If pictures appear in the lines below, skip them and copy exactly the lines from the one containing "Now we will" through the one containing "Hi, my name", and nothing else.

(Input data Opens)

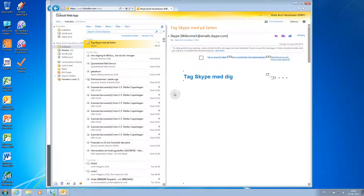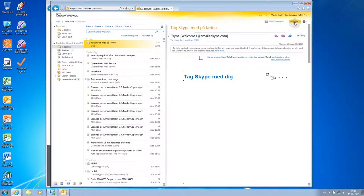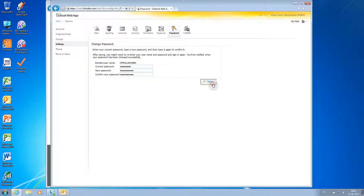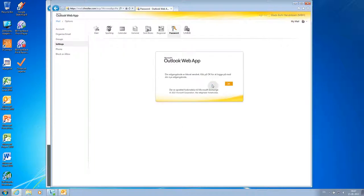Up in the right corner we have Options — press that and select Change Your Password. Enter your current password, then your new password, and confirm your new password. Click Save, and you have succeeded in changing your password using Webmail.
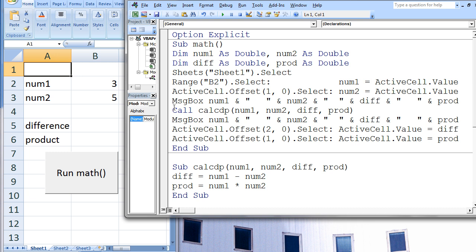CalcDP is short for Calculate Difference and Product. I chose this name because it is short and descriptive, but the program would have worked equally well had I chosen any name for the subprocedure. CalcDP contains four arguments: num1, num2, diff, and prod. At this point in the code, the subprocedure Math halts and waits until CalcDP is completed. The subprocedure CalcDP is written after the subprocedure Math is terminated by End Sub. Procedures communicate to one another through their argument lists.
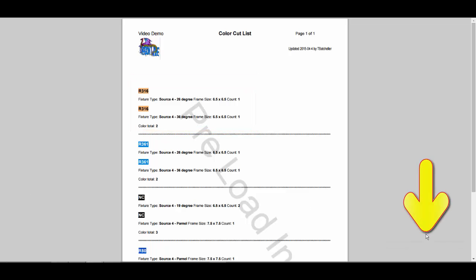And mousing down to the lower right-hand corner of your screen will bring up the standard print and save functions.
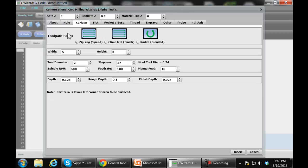The surfacing wizard supports three different style toolpaths. It'll either zig-zag back and forth, which is the best toolpath from a speed standpoint if you just want to get the top of a workpiece surfaced quickly. Climb milling always goes in the same direction, which will give you the best surface finish. And then lastly, we have a radial that spirals out, giving you kind of the best of both worlds — it's a good approach if you have, for example, a round piece of stock. To use the wizard, you select a toolpath style.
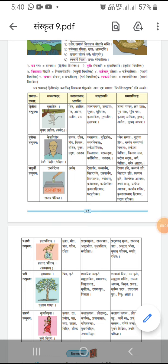Now we will study the third sentence: Vruksheshu khaganam nivasayya nidani santi. It means on trees there are nests so that birds can live in the nest.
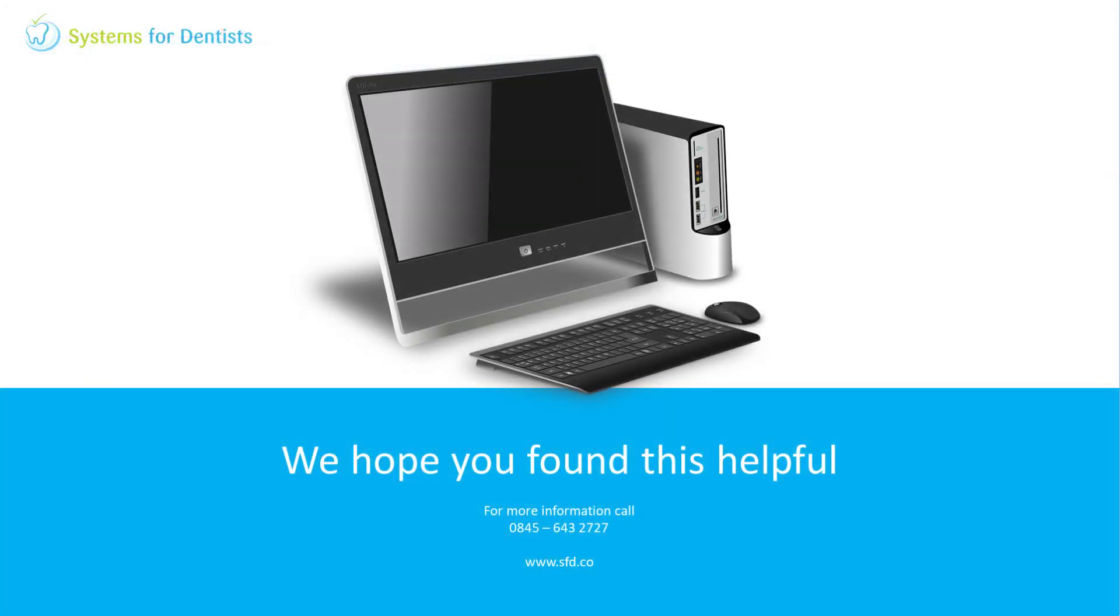Thank you for watching. For further videos and FAQs, please see our website. For any other questions or support requests, don't hesitate to call.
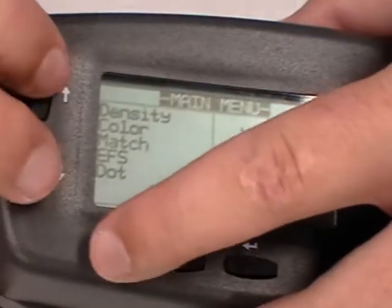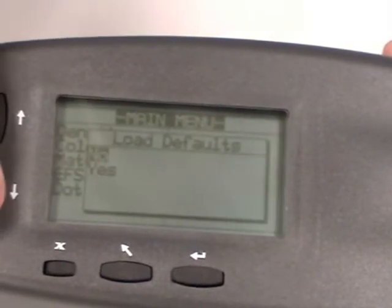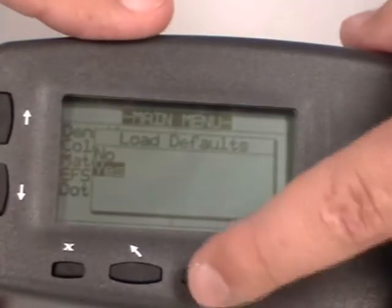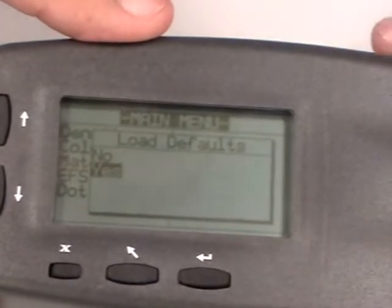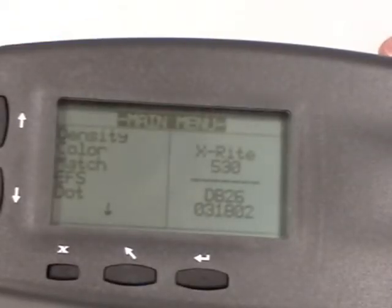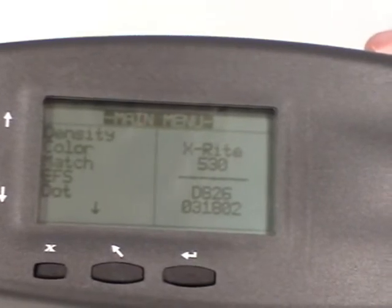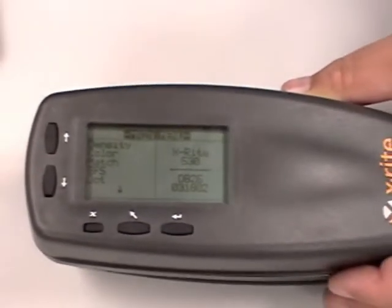You're going to press the up arrow, the down arrow, and the X all at the same time. The screen will flash, come back to 'Load Defaults', scroll down to highlight 'Yes', press the Enter key. The screen will flash off once again, come back — we've just reset the 500. Also remember, every time after a reset, you have to do a full calibration.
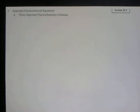Alright, Subscribers, welcome back to another episode of Science with Surbeck. Today we're going to be talking about sections 20.5 and 20.6 in our AP Chemistry unit on Electrochemistry.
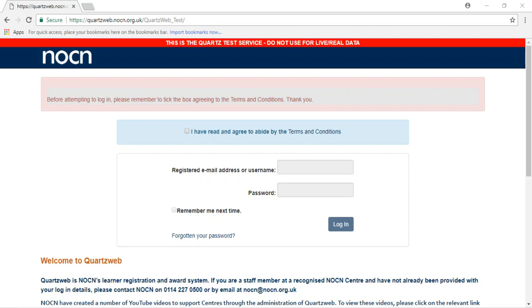Once you have been approved as an NOCN centre, you will receive a confirmation email providing you with a link to QuartzWeb and instructions on how to log in and create a password.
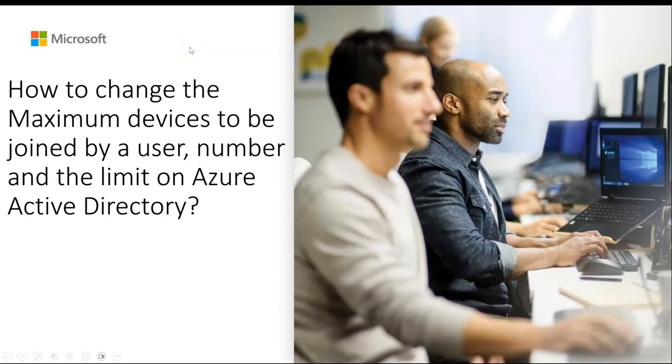Hi, my name is Vyom Dixit and I'm a part of Azure Identity and Authentication Team at Microsoft.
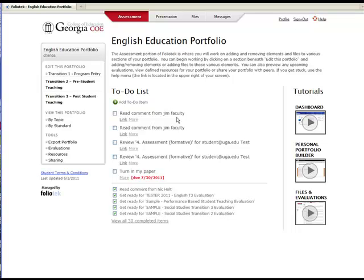Welcome to Folio Tech, the website for your University of Georgia teacher education program electronic portfolio. This website is designed to provide you with an e-portfolio that collects artifacts to address the Georgia Framework for Teaching domains. Once uploaded, your instructors will be able to evaluate your work versus these standards.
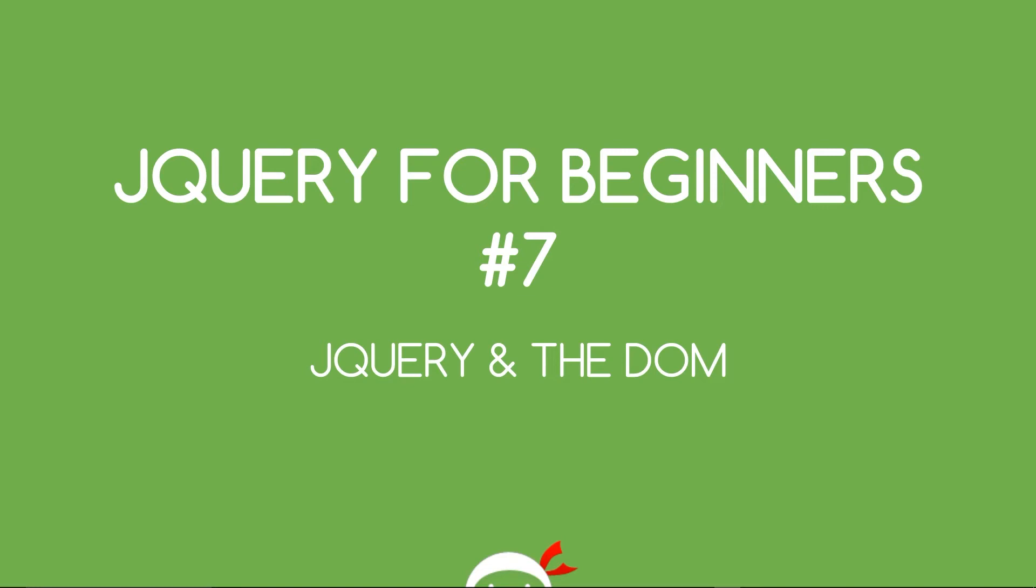Yo, what's going on guys? You're watching jQuery for beginners lesson 7, jQuery and the DOM.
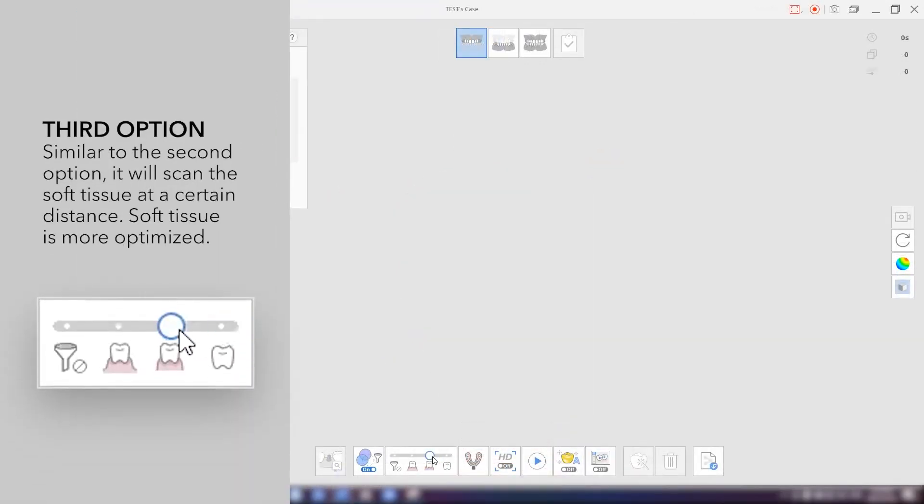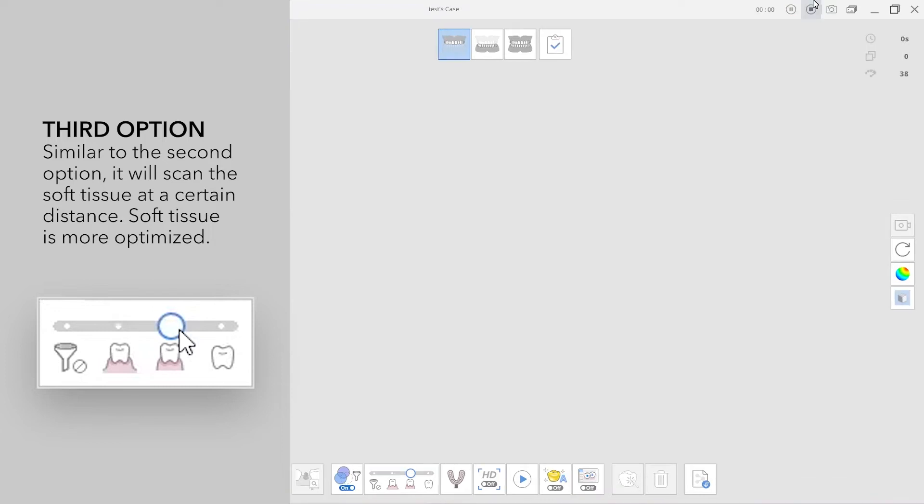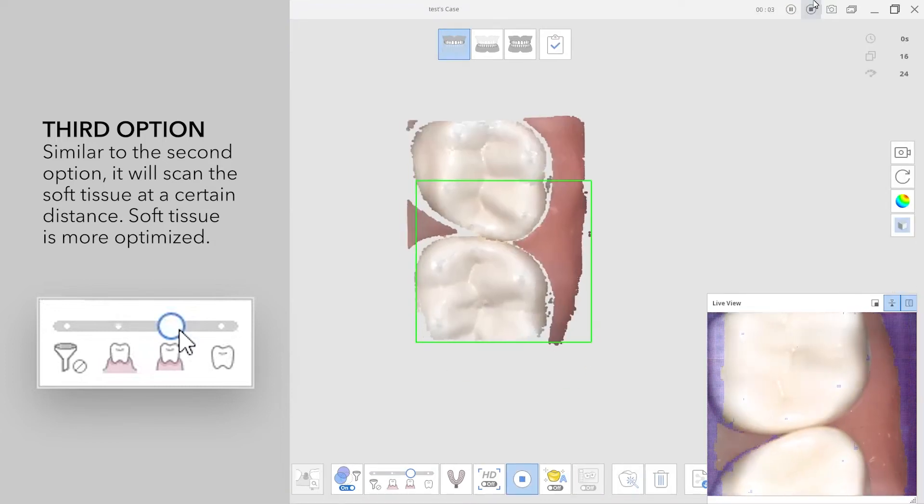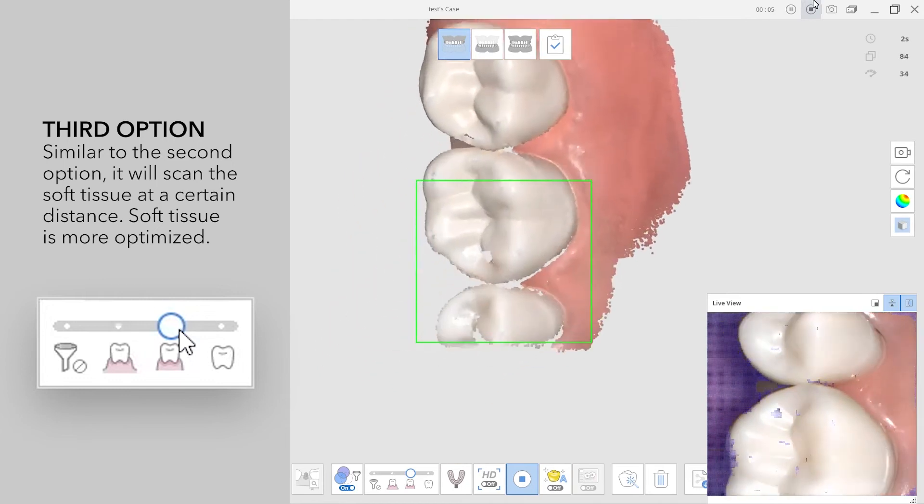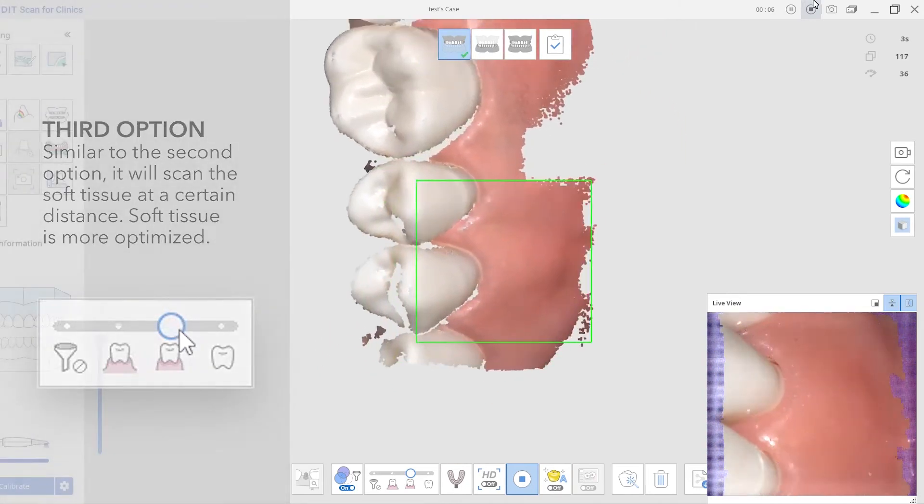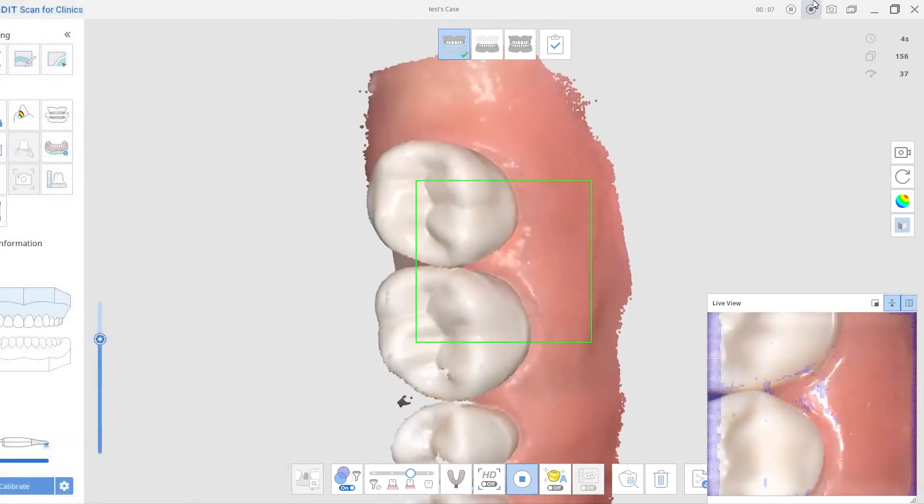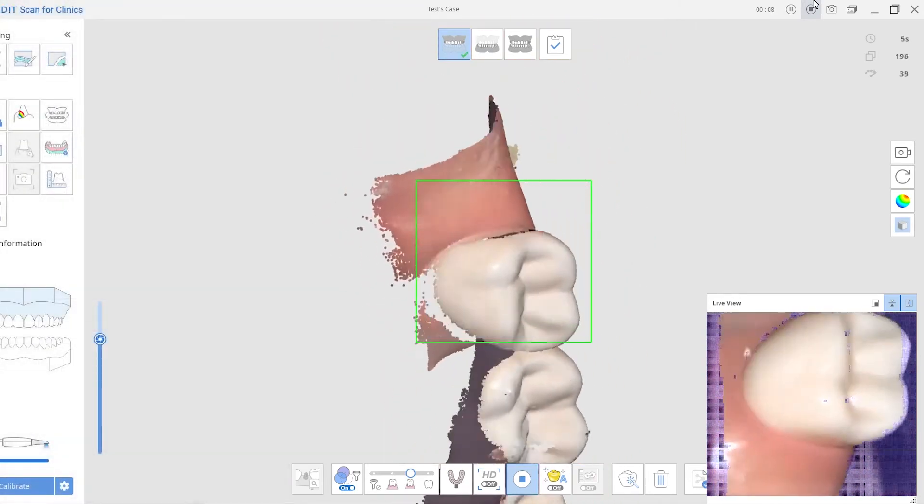The third one is similar to the second one, but this is scanning within a certain distance from the teeth so you don't get much soft tissues. Soft tissues will be optimized a bit more.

(Input data Closes)

- _Problem solution_
Now we will study the third sentence: Vruksheshu khaganam nivasayya nidani santi. It means on trees there are nests so that birds can live in the nest.
Thank you for watching. For further videos and FAQs, please see our website. For any other questions or support requests, don't hesitate to call.
You're going to press the up arrow, the down arrow, and the X all at the same time. The screen will flash, come back to 'Load Defaults', scroll down to highlight 'Yes', press the Enter key. The screen will flash off once again, come back — we've just reset the 500. Also remember, every time after a reset, you have to do a full calibration.
Alright, Subscribers, welcome back to another episode of Science with Surbeck. Today we're going to be talking about sections 20.5 and 20.6 in our AP Chemistry unit on Electrochemistry.
Once you have been approved as an NOCN centre, you will receive a confirmation email providing you with a link to QuartzWeb and instructions on how to log in and create a password.
Hi, my name is Vyom Dixit and I'm a part of Azure Identity and Authentication Team at Microsoft.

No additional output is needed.